Partridge takes particular aim at the etymological theory of the anthropologist Sula Benet (1903-1982) who suggested that the Hebrew kaneh and kaneh bosem, originally identified ‘cannabis’ in Exodus 30:23; Song of Songs 4:14; Isaiah43: 24; Jeremiah 6:20; and Ezekiel 27: 19 , and these were mistranslated as “calamus” κάλαμος (kalamos) in the Greek Septuagint  (Benet, 1936: 1975). This is something I have been writing about since the mid 1990s.

Sula Benet (1903-1982) who pioneered research into ancient cannabis use.

Partridge claims “this theory… is a little too far fetched” (Partridge, 2024). Partridge points out that kaneh, can mean ‘stalk’, ‘branch’ or ‘reed’, and I’ll add ‘cane’ here as this also occurs. But this is something Benet as well acknowledged, that there was a general use of the term, and a specific. Many Biblical scholars have pointed to the five references to kaneh that Benet pointed to as identifying ‘cannabis’, as identifying a specific plant. kind of like ‘grass’ can be used to ‘cut the grass; or ‘smoke some grass’ , identifying two different things, or like ‘herb’. Indeed, ‘hashish’ itself came from an old Arabic word meaning ‘herb’, as in ‘The Herb. We see this as well with the Greek κάλαμος (kalamos), which refers to both the specific plant ‘calamus’ and generic ‘reeds’. The situation of the specific and generic kálamos, meaning generic “reed” and specific “calamus” is similar to the situation with kaneh identifying the more generic ‘reed’ or “cane”, and more specific “cannabis” as suggested.

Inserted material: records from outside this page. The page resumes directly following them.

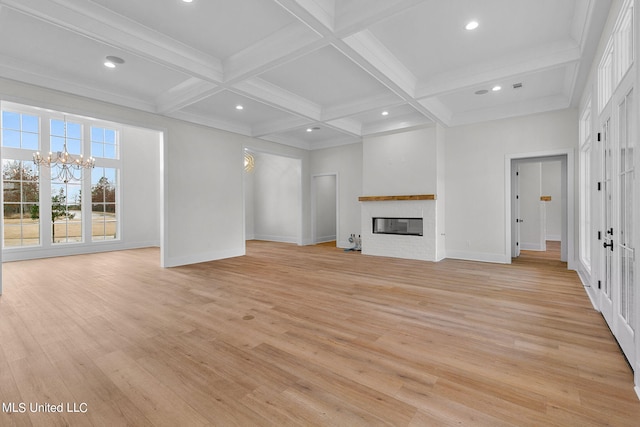 54 Windermere Blvd, Madison, MS 39110 - unfurnished living room with a chandelier, light wood-style flooring, beam ceiling, a glass covered fireplace, and baseboards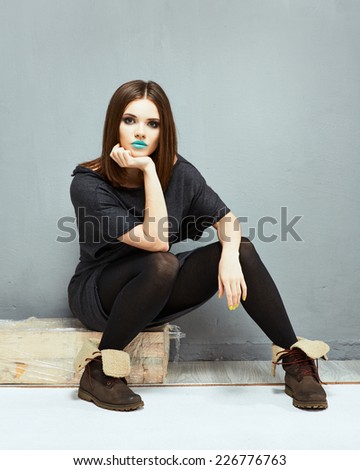 Fashion model with straight hair. Young beautiful woman seat against wall.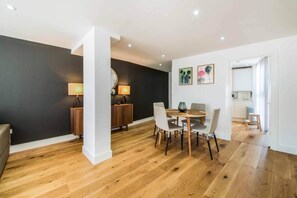 A modern dining area with a round table, chairs, and a dark accent wall. - Spacious Apartments in Borough London Bridge by Short Stories London (London)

For those that would suggest that Sula Benet cherry picked these references, this is not the case. These references have long been noted by Biblical scholars for their more specific context, as opposed to the generic view used by Partridge. To give some examples, see these same verses selected in: A concise Dictionary of the Bible for the use of Families and Students (1865); American Encyclopedic Dictionary (1897); The Bible Dictionary (2015); Figs, Dates, Laurel, and Myrrh: Plants of the Bible and the Quran (2007);  Song of Songs: A New Translation with Introduction and Commentary (1995)  and others books.

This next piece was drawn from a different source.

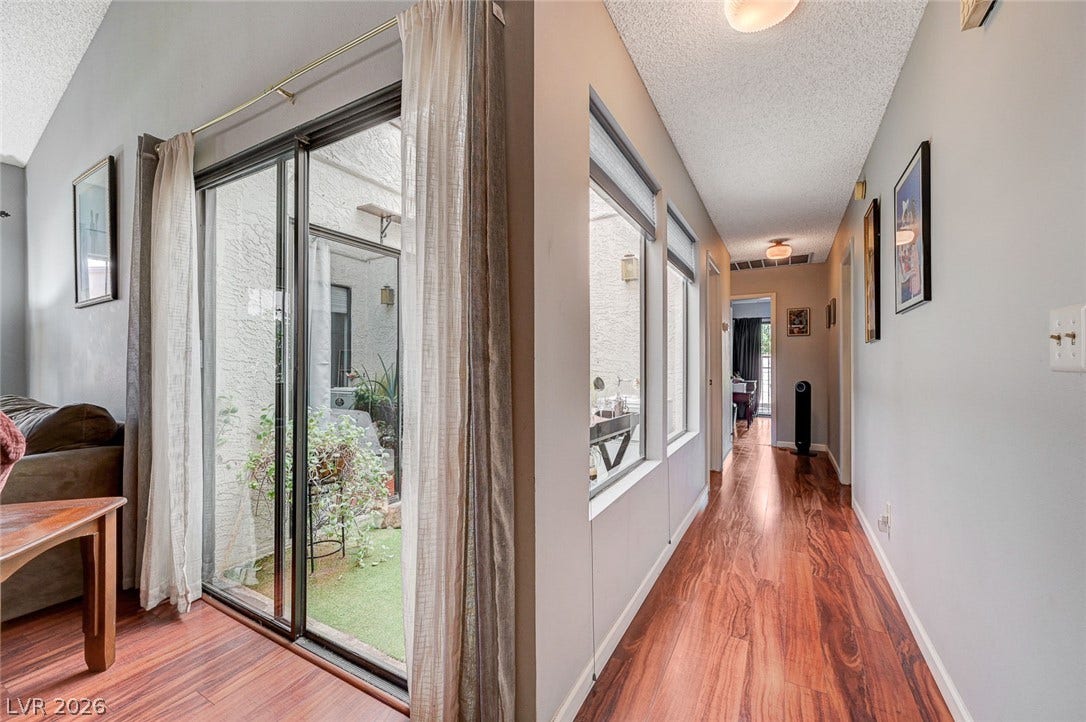 Rich wood flooring runs through a bright hallway lined with large windows.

“Some kind of fragrant reed is denoted by the word keneh (Is.43:24; Ez. 27:19; Cant. [Songs] 4:14), or more fully by keneh bosem, see Exodus 30:23, or by keneh hatob Jer. 6:20; which the A. V. renders ‘sweet cane’ and ‘calamus’. It was of foreign importation (Je. 6:20). Some writers have sought to identify keneh bosem with the Acorus Calamus or ‘sweet sedge’.” (Smith & Wright, 1865)

Partridge states that “it is hopeless to speculate which species was intended. It is even doubtful whether the biblical authors had in mind any particular species of the Genus Cymbopagon, although one of them does grow in Israel” (Partridge, 2024). Cymbopogon, also known as lemongrass, barbed wire grass, silky heads, oily heads, Cochin grass, Malabar grass, citronella grass or fever grass, is a genus of Asian, African, Australian, and tropical island plants in the grass family. This is actually one of the less chosen botanical candidates for kaneh. Other suggestions range from calamus, cinnamon bark, sugarcane, ginger grass, camel grass, fennel, balsam, and others, with an increasing number acknowledging the suggestion of cannabis.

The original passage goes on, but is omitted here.